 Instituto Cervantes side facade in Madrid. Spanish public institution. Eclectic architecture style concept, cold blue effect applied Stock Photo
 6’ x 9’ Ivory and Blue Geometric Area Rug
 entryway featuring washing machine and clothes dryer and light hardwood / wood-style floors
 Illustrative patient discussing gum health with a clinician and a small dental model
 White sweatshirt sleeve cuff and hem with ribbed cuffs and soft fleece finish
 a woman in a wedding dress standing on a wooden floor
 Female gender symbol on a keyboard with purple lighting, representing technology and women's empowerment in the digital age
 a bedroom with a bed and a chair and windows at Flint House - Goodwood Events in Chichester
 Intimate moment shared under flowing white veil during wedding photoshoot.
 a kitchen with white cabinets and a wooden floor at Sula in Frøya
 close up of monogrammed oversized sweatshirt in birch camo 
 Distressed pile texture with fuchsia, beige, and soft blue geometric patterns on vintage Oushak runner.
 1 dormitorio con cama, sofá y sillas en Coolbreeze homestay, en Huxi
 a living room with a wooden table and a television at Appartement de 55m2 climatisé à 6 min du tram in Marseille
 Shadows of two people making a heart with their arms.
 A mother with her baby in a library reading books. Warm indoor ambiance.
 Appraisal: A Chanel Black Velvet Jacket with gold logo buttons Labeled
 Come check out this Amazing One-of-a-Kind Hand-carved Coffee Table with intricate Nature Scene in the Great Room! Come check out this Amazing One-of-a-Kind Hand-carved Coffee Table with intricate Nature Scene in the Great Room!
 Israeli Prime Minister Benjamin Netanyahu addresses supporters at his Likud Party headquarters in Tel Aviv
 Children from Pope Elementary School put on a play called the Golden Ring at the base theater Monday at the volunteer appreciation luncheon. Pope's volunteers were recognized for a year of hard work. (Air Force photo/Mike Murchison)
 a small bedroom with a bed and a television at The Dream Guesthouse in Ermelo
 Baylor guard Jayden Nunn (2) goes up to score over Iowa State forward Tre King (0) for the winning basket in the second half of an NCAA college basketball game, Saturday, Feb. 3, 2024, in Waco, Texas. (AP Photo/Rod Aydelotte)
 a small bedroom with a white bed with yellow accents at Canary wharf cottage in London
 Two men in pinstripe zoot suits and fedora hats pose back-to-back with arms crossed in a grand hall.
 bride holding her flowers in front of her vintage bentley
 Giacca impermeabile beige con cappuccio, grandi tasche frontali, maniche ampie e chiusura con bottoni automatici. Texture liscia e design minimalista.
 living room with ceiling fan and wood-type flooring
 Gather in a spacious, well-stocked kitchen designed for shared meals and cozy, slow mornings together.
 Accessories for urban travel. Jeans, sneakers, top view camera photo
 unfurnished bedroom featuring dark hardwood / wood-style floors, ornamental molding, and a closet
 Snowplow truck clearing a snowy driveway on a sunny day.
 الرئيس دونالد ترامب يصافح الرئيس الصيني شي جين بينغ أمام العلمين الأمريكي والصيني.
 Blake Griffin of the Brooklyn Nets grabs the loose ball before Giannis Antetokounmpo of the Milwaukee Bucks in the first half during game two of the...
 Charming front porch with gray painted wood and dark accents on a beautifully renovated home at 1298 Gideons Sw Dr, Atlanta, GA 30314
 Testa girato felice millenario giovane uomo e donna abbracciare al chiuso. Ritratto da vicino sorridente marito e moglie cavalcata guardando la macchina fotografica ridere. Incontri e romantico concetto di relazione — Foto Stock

---------------

EXERCISE INSTRUCTIONS: Reproduce, unchanged, the line containing "Giacca impermeabile beige" and each line after it through the end of the listing above, and nothing else.

SOLUTION TO THE EXERCISE:
 Giacca impermeabile beige con cappuccio, grandi tasche frontali, maniche ampie e chiusura con bottoni automatici. Texture liscia e design minimalista.
 living room with ceiling fan and wood-type flooring
 Gather in a spacious, well-stocked kitchen designed for shared meals and cozy, slow mornings together.
 Accessories for urban travel. Jeans, sneakers, top view camera photo
 unfurnished bedroom featuring dark hardwood / wood-style floors, ornamental molding, and a closet
 Snowplow truck clearing a snowy driveway on a sunny day.
 الرئيس دونالد ترامب يصافح الرئيس الصيني شي جين بينغ أمام العلمين الأمريكي والصيني.
 Blake Griffin of the Brooklyn Nets grabs the loose ball before Giannis Antetokounmpo of the Milwaukee Bucks in the first half during game two of the...
 Charming front porch with gray painted wood and dark accents on a beautifully renovated home at 1298 Gideons Sw Dr, Atlanta, GA 30314
 Testa girato felice millenario giovane uomo e donna abbracciare al chiuso. Ritratto da vicino sorridente marito e moglie cavalcata guardando la macchina fotografica ridere. Incontri e romantico concetto di relazione — Foto Stock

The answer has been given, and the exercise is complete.